I found this dish off Yahoo's Shine Food website, and thought that it was worth trying because it is different than any of the recipes I have been making lately. It was a tasty combination of flavors, my only suggestion would be to make the sauce just a little thinner than what my ended up looking like. And, as you can see, I made mine with rice instead of the pasta, because I didn't have any left. But there were no complaints about the rice in my house :)

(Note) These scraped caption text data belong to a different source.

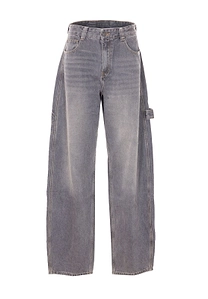 Eleh Wide-Leg Utility Jeans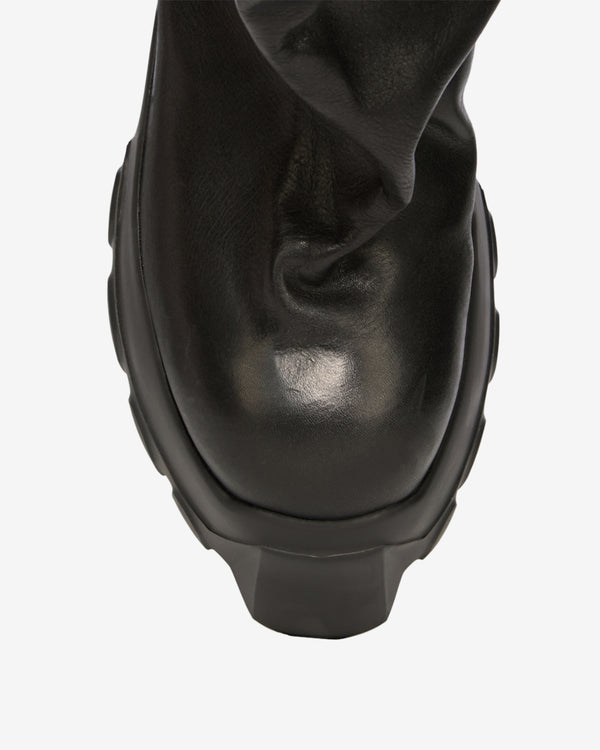 Rick Owens - Men's Flared Leather Tractor Boots - (Black)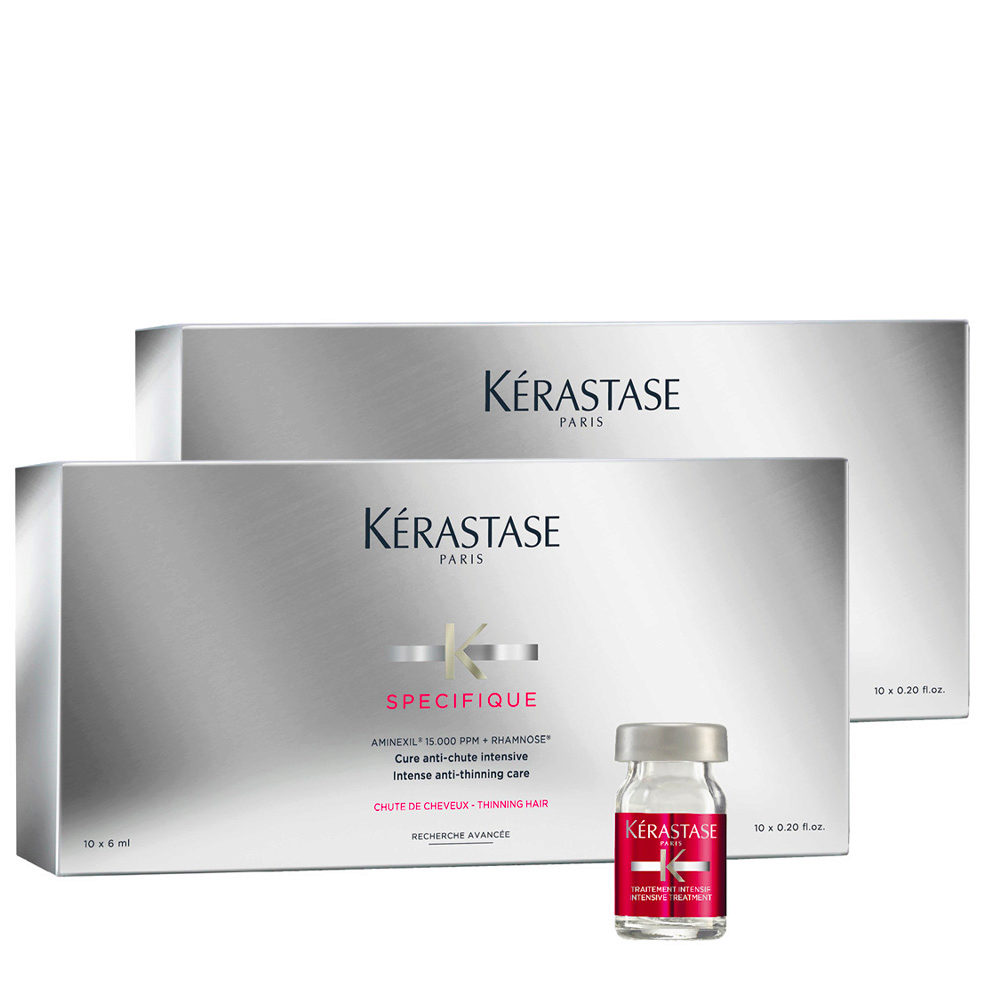 Kerastase Specifique Cure Fiale Anticaduta Intensive 10x6ml x2 pack | Hair  Gallery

Recipe source: Better Homes and Gardens

ingredients

  • 2-1/2 to 3 pounds meaty chicken pieces (breast halves, thighs, and drumsticks)
  • 2 tablespoons cooking oil
  • Salt and black pepper
  • 12 to 18 pearl onions or shallots, peeled
  • 1-1/4 cups Pinot Noir or Burgundy
  • 1/4 cup chicken broth or water
  • 1 cup whole fresh mushrooms
  • 1 cup thinly sliced carrot (2 medium)
  • 1 tablespoon snipped fresh parsley
  • 1-1/2 teaspoons snipped fresh marjoram or 1/2 teaspoon dried marjoram, crushed
  • 1-1/2 teaspoons snipped fresh thyme or 1/2 teaspoon dried thyme, crushed
  • 1 bay leaf
  • 2 cloves garlic, minced
  • 2 tablespoons all-purpose flour
  • 2 tablespoons butter or margarine, softened
  • 2 slices bacon, crisp-cooked, drained, and crumbled
  • Snipped fresh parsley (optional)
  • Hot cooked noodles (optional)

directions

  1. Skin chicken. In a large skillet cook chicken in hot oil over medium heat about 15 minutes or until light brown, turning to brown evenly. Drain fat. Season chicken with salt and pepper. Add onions, Pinot Noir, broth, mushrooms, carrots, the 1 tablespoon parsley, dried marjoram (if using), dried thyme (if using), bay leaf, and garlic. Bring to boiling; reduce heat. Simmer, covered, for 35 to 40 minutes or until chicken is no longer pink (170 degrees F for breasts; 180 degrees F for thighs and drumsticks). Add fresh marjoram and thyme (if using). Discard bay leaf. Transfer chicken and vegetables to a serving platter; keep warm.
  2. In a mixing bowl stir together flour and softened butter to make a smooth paste. Stir into wine mixture in skillet. Cook and stir until thickened and bubbly. Cook and stir for 1 minute more. Season to taste with additional salt and pepper.
  3. Pour sauce over chicken and vegetables. Sprinkle with bacon. If desired, top with additional parsley and serve with hot cooked noodles. Makes 6 servings.

Friday, November 19, 2010

French Pastry Puffs


A friend of mine blogged about these on her cooking website (www.triedandtasty.com ), and I thought they looked tasty and pretty easy to make. I was right. I even substituted gluten free flour for the real deal and they tasted light, fluffy and like a French pastry puff.
Source: The Cook Next Door

4 1/2 cups flour
4 1/2 tsp baking powder
3/4 tsp nutmeg
1 1/2 tsp salt

Mix all dry ingredients together and set aside.

1 1/2 cups sugar
1 cup shortening
3 eggs

In your mixer cream shortening and add sugar and blend well and then add eggs (it is best if you use room temperature eggs, but it will work if you don’t) one at a time until blended.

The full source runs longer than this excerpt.